ROANOKE TIMES

                         Roanoke Times
                 Copyright (c) 1995, Landmark Communications, Inc.

DATE: TUESDAY, June 8, 1993                   TAG: 9306080203
SECTION: NATIONAL/INTERNATIONAL                    PAGE: A1   EDITION: METRO 
SOURCE: From The Washington Post and The New York Times
DATELINE: WASHINGTON                                LENGTH: Medium


SCHOOL RELIGIOUS ACTS OK

The Supreme Court in two separate actions Monday opened the door for greater religious activity in public schools, while at the same time revealing the justices' ongoing difficulty with church-state conflicts.

The court ruled that a public school district may not prevent a church group from using its classrooms after school hours simply because of the group's religious purpose.

Although individual justices differed in their reasoning, the court unanimously found that a New York Court lets some banks continue to sell insurance. B8 district was wrong to turn away an evangelical Christian church that wanted to show a film series on child-rearing.
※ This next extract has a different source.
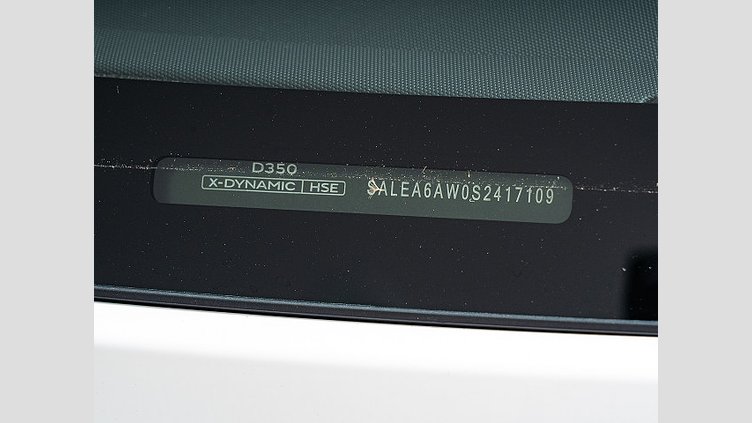 2025 認定中古車 Land Rover Defender 90 フジホワイト D350 ディーゼルマイルドハイブリッド X-Dynamic HSE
A victory for both religious organizations and free-speech advocates, the case was consistent with court rulings since 1981 allowing church groups public access.

Separately Monday, the court without comment let stand an appeals court decision permitting prayer at a public school graduation. Just last year, the court ruled unconstitutional prayers at a graduation ceremony in Providence, R.I.

The National School Boards Association had asked the court to take the case, from a district near Houston, because of confusion around the country this spring over whether graduation prayer is allowed.

In another 9-0 decision Monday, the court said that police don't always need a warrant to seize drugs they find while frisking criminal suspects for weapons.

The ruling expands the instances under which police may collect evidence without a warrant, but the court blunted the new rule's reach by strictly limiting how far officers may go in these searches.

The court said the Constitution allows a limited version of the plain-feel rule, but that it applies only when an officer does not go too far in frisking for weapons.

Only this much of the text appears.